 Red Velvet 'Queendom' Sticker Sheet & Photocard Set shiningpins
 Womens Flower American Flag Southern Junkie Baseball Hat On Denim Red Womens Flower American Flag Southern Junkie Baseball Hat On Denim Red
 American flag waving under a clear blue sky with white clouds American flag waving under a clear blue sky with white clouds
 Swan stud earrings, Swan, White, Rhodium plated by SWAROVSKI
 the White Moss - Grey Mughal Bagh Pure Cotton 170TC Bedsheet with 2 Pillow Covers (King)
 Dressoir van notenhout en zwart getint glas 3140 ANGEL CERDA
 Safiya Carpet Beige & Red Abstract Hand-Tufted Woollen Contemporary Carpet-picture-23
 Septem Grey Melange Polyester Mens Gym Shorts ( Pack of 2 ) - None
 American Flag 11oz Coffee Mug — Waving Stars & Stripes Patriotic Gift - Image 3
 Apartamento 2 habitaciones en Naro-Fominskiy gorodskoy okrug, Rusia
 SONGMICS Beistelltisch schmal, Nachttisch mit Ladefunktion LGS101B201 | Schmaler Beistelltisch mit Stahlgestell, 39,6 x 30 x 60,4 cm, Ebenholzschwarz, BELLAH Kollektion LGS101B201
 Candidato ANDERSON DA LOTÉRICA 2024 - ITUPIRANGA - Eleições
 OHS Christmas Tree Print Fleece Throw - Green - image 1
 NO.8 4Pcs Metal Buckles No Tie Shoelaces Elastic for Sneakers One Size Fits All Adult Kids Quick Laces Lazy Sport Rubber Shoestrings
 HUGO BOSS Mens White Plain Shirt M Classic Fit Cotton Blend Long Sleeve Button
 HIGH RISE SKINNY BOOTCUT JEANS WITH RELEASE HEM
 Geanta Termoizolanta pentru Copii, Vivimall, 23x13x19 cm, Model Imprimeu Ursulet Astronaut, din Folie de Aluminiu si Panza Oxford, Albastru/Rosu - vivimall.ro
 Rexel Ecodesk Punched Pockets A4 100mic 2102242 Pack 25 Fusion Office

▶ [Work task]:
Every line of the records above needs to be given again exactly.

▶ [Output for this task]:
 Red Velvet 'Queendom' Sticker Sheet & Photocard Set shiningpins
 Womens Flower American Flag Southern Junkie Baseball Hat On Denim Red Womens Flower American Flag Southern Junkie Baseball Hat On Denim Red
 American flag waving under a clear blue sky with white clouds American flag waving under a clear blue sky with white clouds
 Swan stud earrings, Swan, White, Rhodium plated by SWAROVSKI
 the White Moss - Grey Mughal Bagh Pure Cotton 170TC Bedsheet with 2 Pillow Covers (King)
 Dressoir van notenhout en zwart getint glas 3140 ANGEL CERDA
 Safiya Carpet Beige & Red Abstract Hand-Tufted Woollen Contemporary Carpet-picture-23
 Septem Grey Melange Polyester Mens Gym Shorts ( Pack of 2 ) - None
 American Flag 11oz Coffee Mug — Waving Stars & Stripes Patriotic Gift - Image 3
 Apartamento 2 habitaciones en Naro-Fominskiy gorodskoy okrug, Rusia
 SONGMICS Beistelltisch schmal, Nachttisch mit Ladefunktion LGS101B201 | Schmaler Beistelltisch mit Stahlgestell, 39,6 x 30 x 60,4 cm, Ebenholzschwarz, BELLAH Kollektion LGS101B201
 Candidato ANDERSON DA LOTÉRICA 2024 - ITUPIRANGA - Eleições
 OHS Christmas Tree Print Fleece Throw - Green - image 1
 NO.8 4Pcs Metal Buckles No Tie Shoelaces Elastic for Sneakers One Size Fits All Adult Kids Quick Laces Lazy Sport Rubber Shoestrings
 HUGO BOSS Mens White Plain Shirt M Classic Fit Cotton Blend Long Sleeve Button
 HIGH RISE SKINNY BOOTCUT JEANS WITH RELEASE HEM
 Geanta Termoizolanta pentru Copii, Vivimall, 23x13x19 cm, Model Imprimeu Ursulet Astronaut, din Folie de Aluminiu si Panza Oxford, Albastru/Rosu - vivimall.ro
 Rexel Ecodesk Punched Pockets A4 100mic 2102242 Pack 25 Fusion Office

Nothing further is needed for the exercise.